* DATASET EXCERPTS
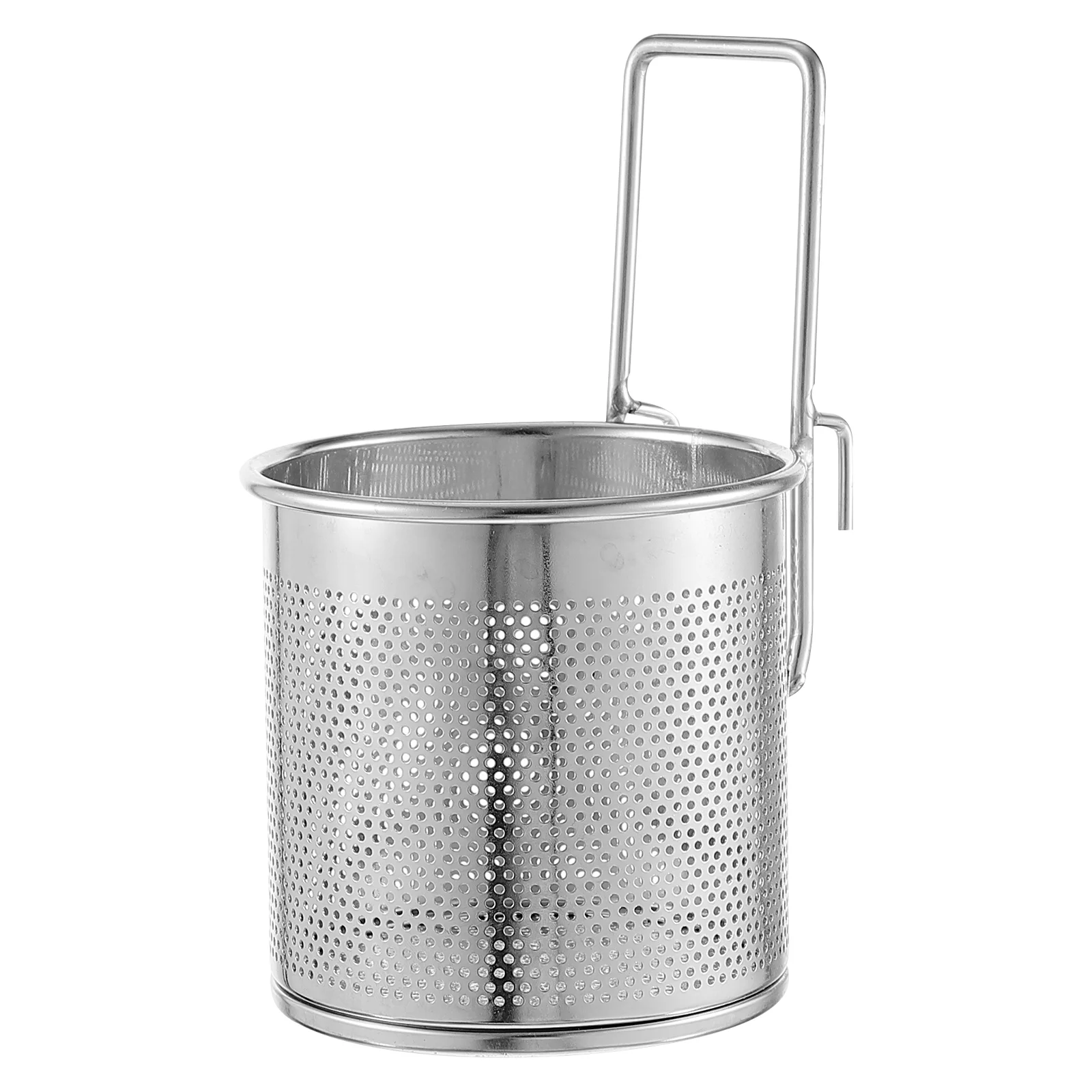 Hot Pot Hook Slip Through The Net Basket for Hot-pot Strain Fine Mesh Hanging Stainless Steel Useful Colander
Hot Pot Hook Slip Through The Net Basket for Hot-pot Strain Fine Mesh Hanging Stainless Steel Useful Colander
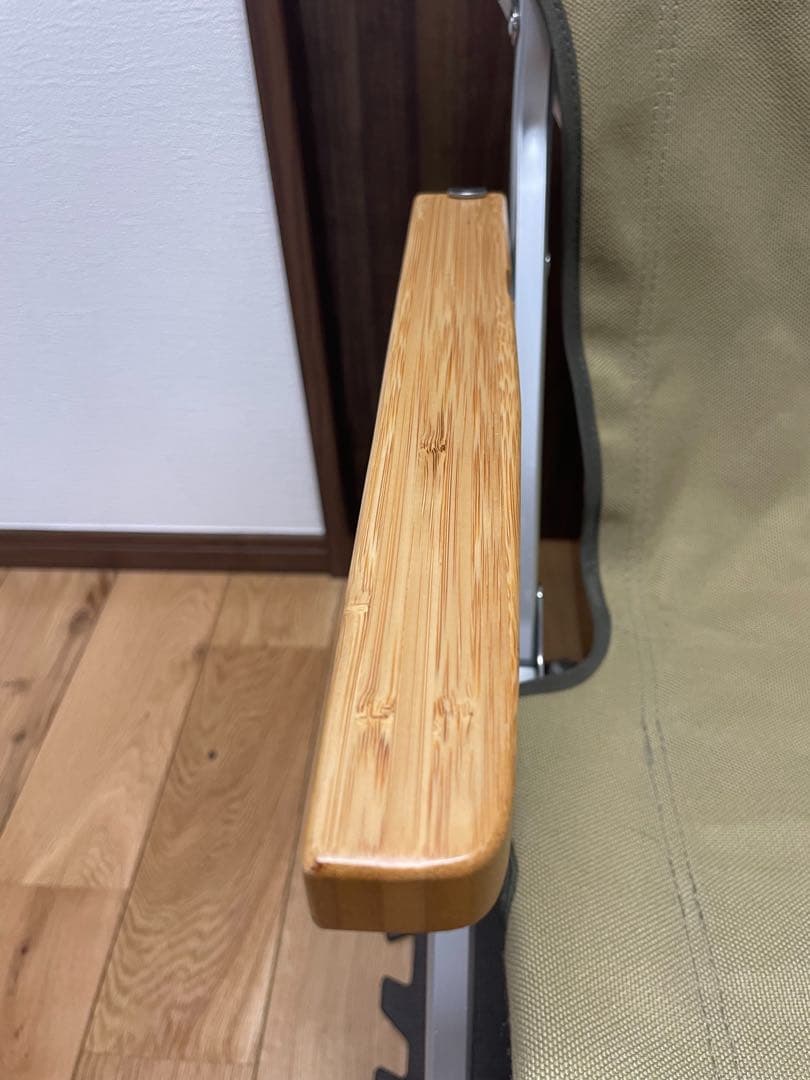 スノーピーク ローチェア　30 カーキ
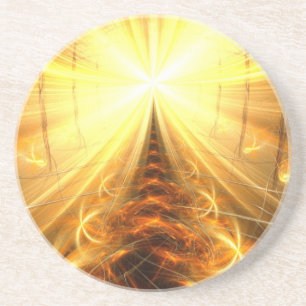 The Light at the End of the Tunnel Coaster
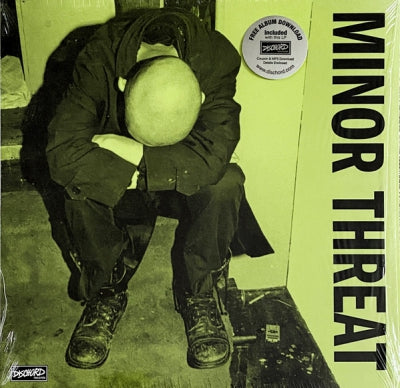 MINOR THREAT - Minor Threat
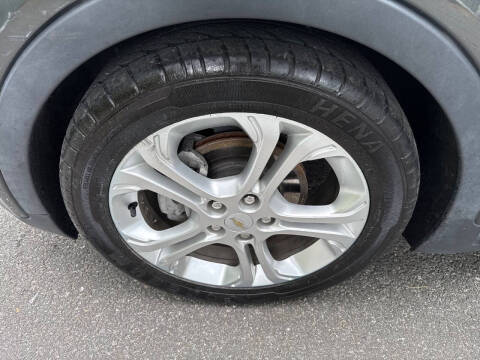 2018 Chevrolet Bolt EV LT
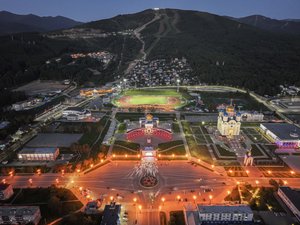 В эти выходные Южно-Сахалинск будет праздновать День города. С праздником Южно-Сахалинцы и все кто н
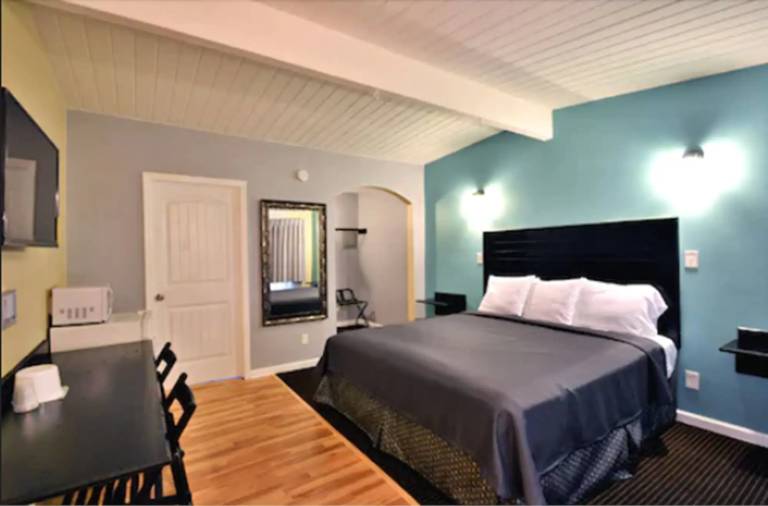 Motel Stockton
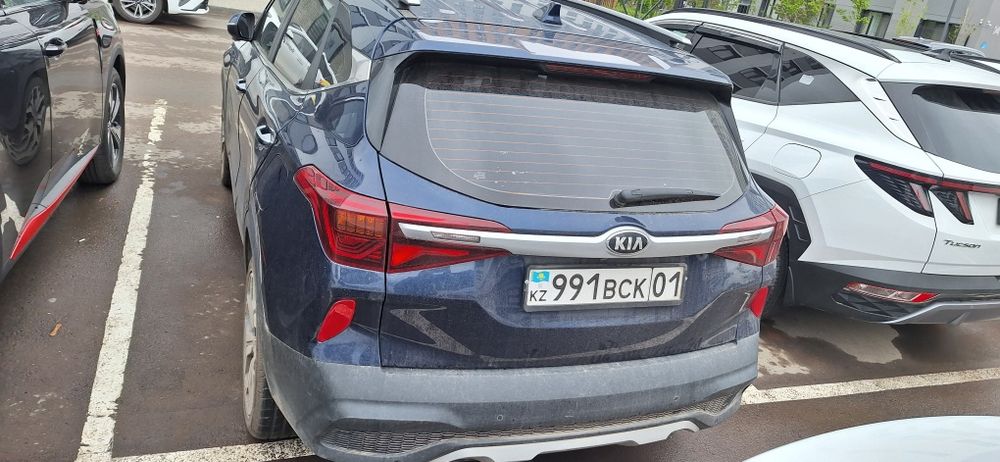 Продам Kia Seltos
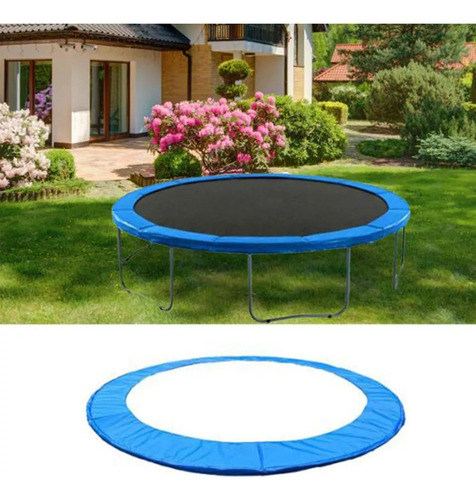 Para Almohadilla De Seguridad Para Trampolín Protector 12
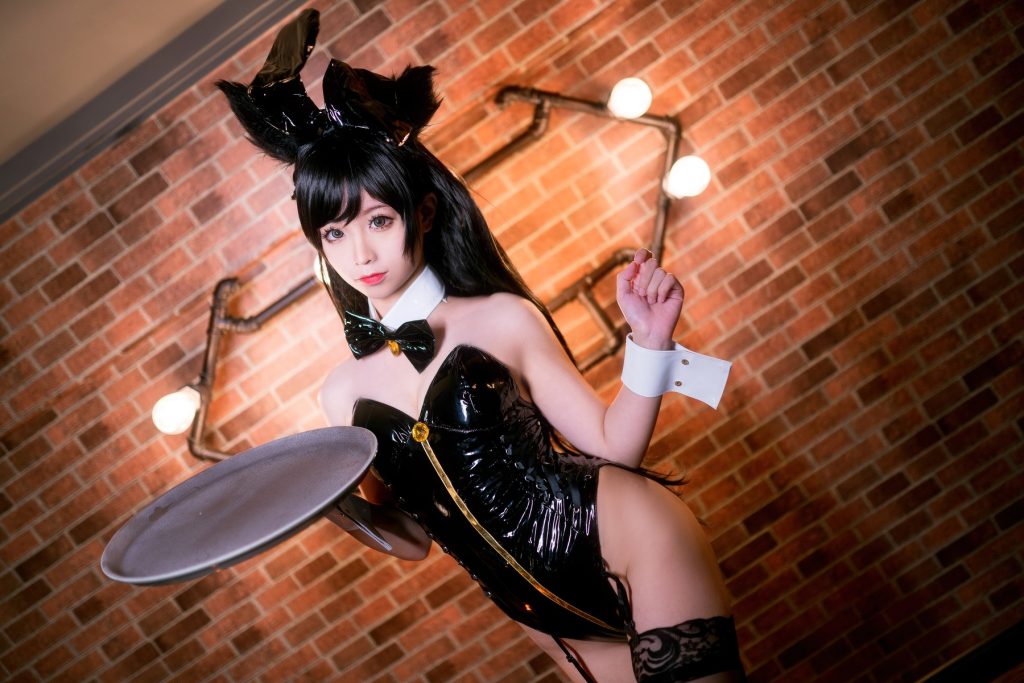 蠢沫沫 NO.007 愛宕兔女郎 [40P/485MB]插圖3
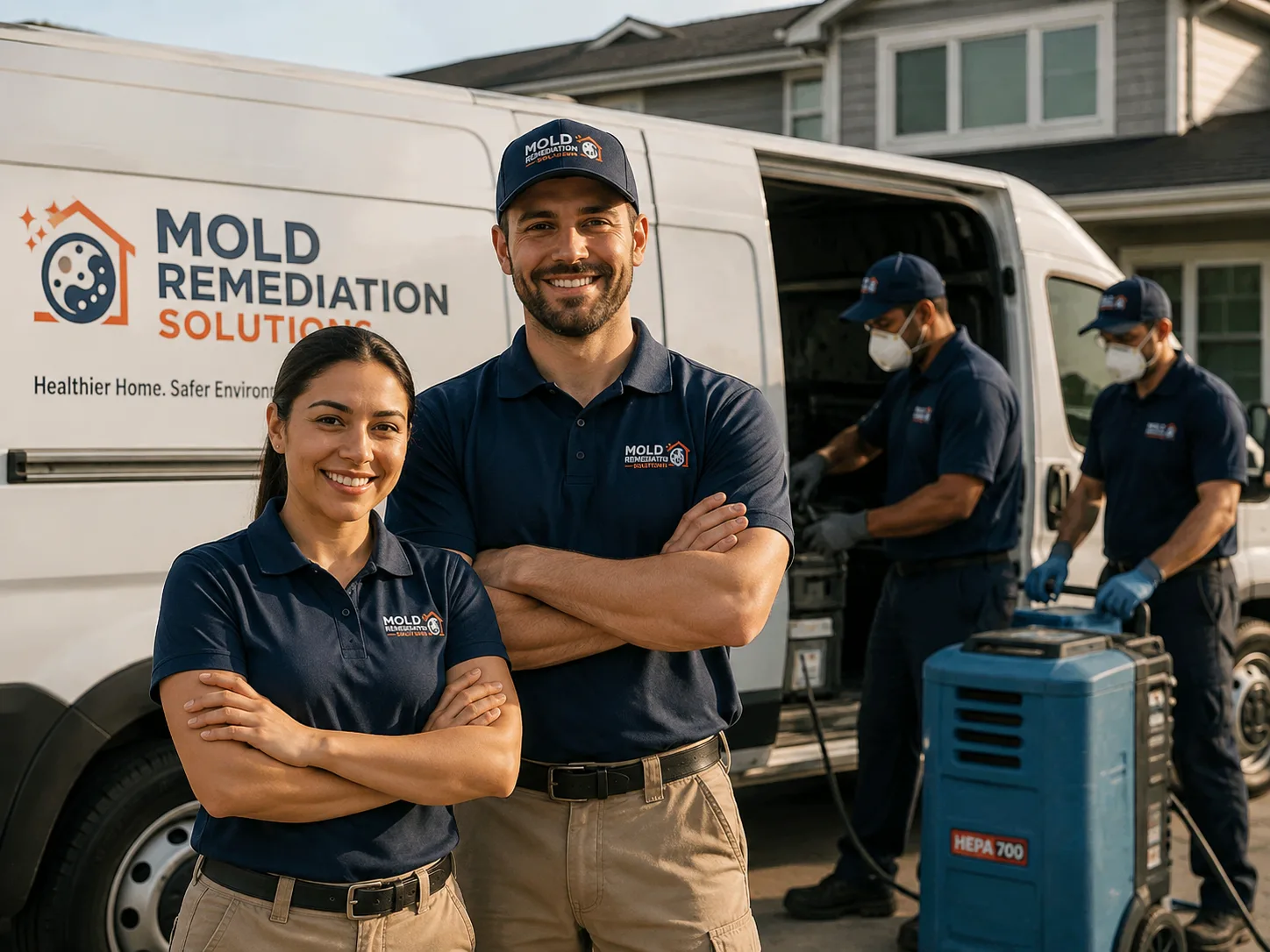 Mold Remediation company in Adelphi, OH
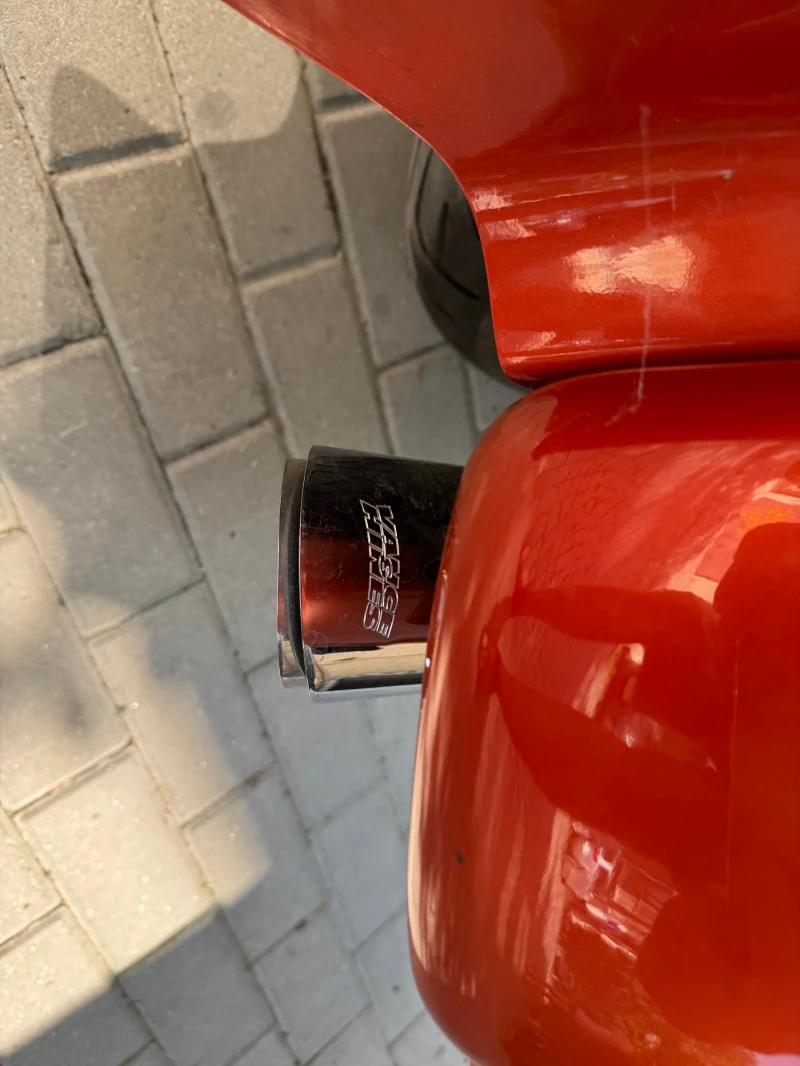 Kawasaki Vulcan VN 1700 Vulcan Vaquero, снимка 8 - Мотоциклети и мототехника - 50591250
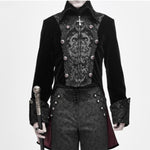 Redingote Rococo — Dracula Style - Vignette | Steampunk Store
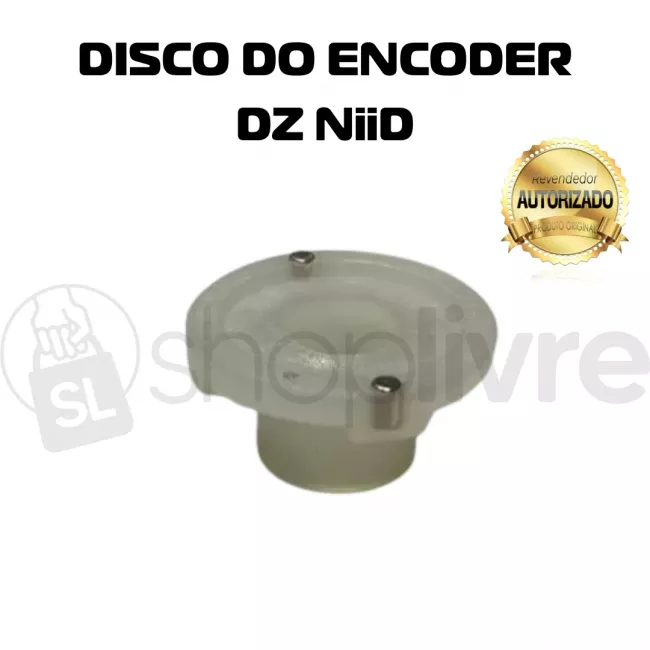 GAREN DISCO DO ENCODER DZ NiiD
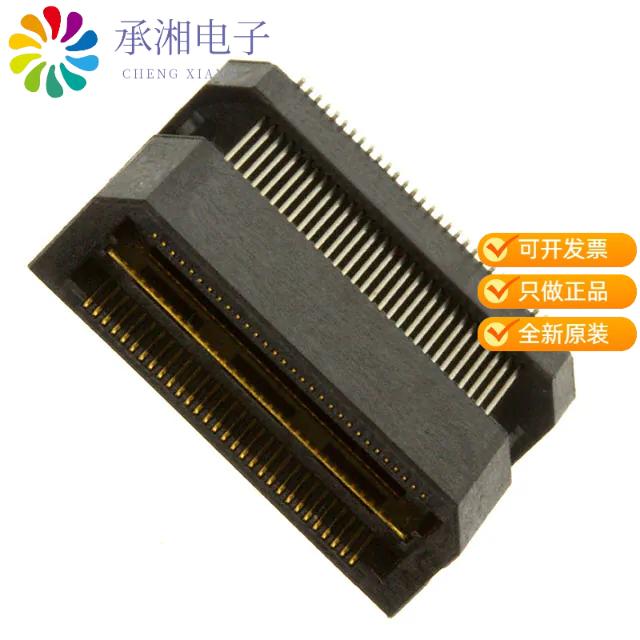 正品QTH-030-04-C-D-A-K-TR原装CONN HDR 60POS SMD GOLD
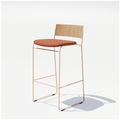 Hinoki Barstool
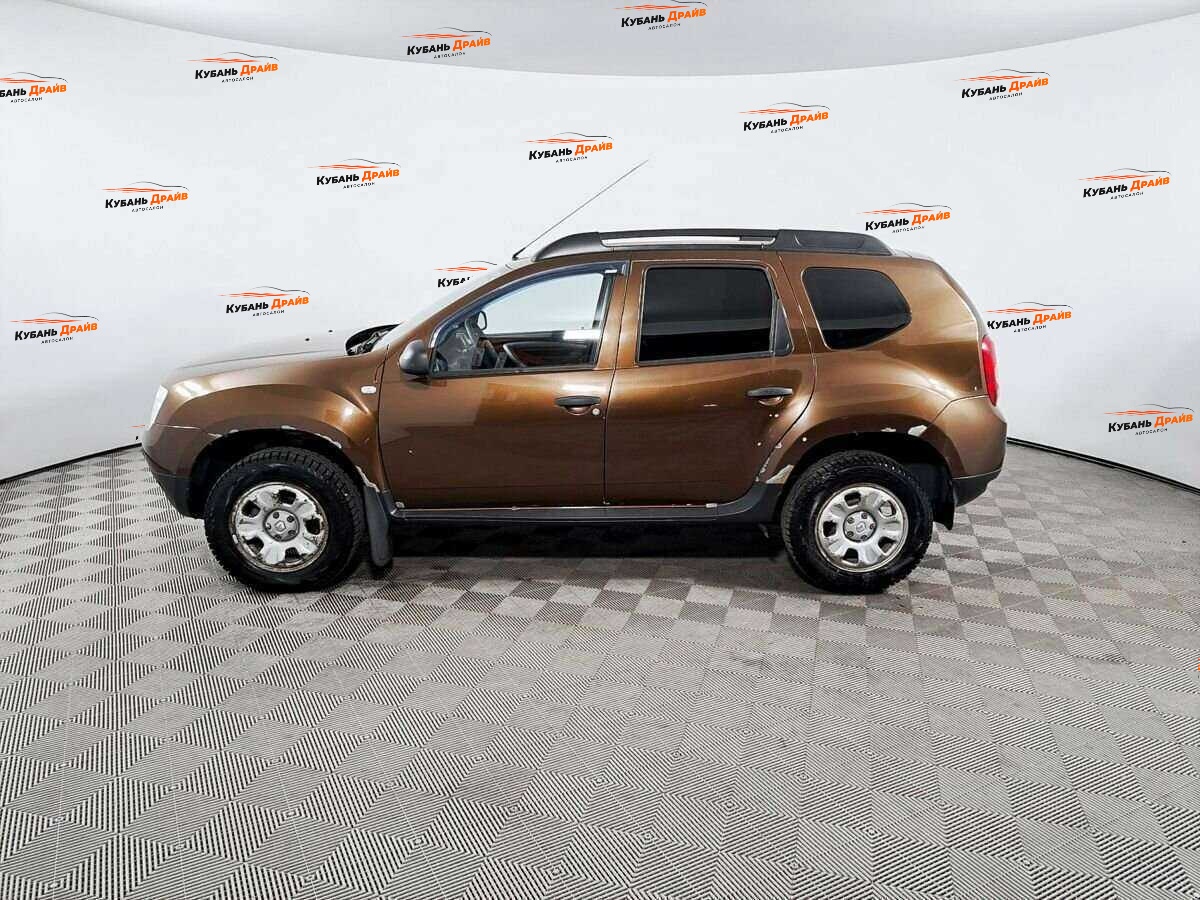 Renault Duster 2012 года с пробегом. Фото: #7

* EXERCISE BRIEF
Keep every word of the lines above unchanged in the copy, and omit the pictures.

* EXERCISE RESPONSE
 Hot Pot Hook Slip Through The Net Basket for Hot-pot Strain Fine Mesh Hanging Stainless Steel Useful Colander
Hot Pot Hook Slip Through The Net Basket for Hot-pot Strain Fine Mesh Hanging Stainless Steel Useful Colander
 スノーピーク ローチェア　30 カーキ
 The Light at the End of the Tunnel Coaster
 MINOR THREAT - Minor Threat
 2018 Chevrolet Bolt EV LT
 В эти выходные Южно-Сахалинск будет праздновать День города. С праздником Южно-Сахалинцы и все кто н
 Motel Stockton
 Продам Kia Seltos
 Para Almohadilla De Seguridad Para Trampolín Protector 12
 蠢沫沫 NO.007 愛宕兔女郎 [40P/485MB]插圖3
 Mold Remediation company in Adelphi, OH
 Kawasaki Vulcan VN 1700 Vulcan Vaquero, снимка 8 - Мотоциклети и мототехника - 50591250
 Redingote Rococo — Dracula Style - Vignette | Steampunk Store
 GAREN DISCO DO ENCODER DZ NiiD
 正品QTH-030-04-C-D-A-K-TR原装CONN HDR 60POS SMD GOLD
 Hinoki Barstool
 Renault Duster 2012 года с пробегом. Фото: #7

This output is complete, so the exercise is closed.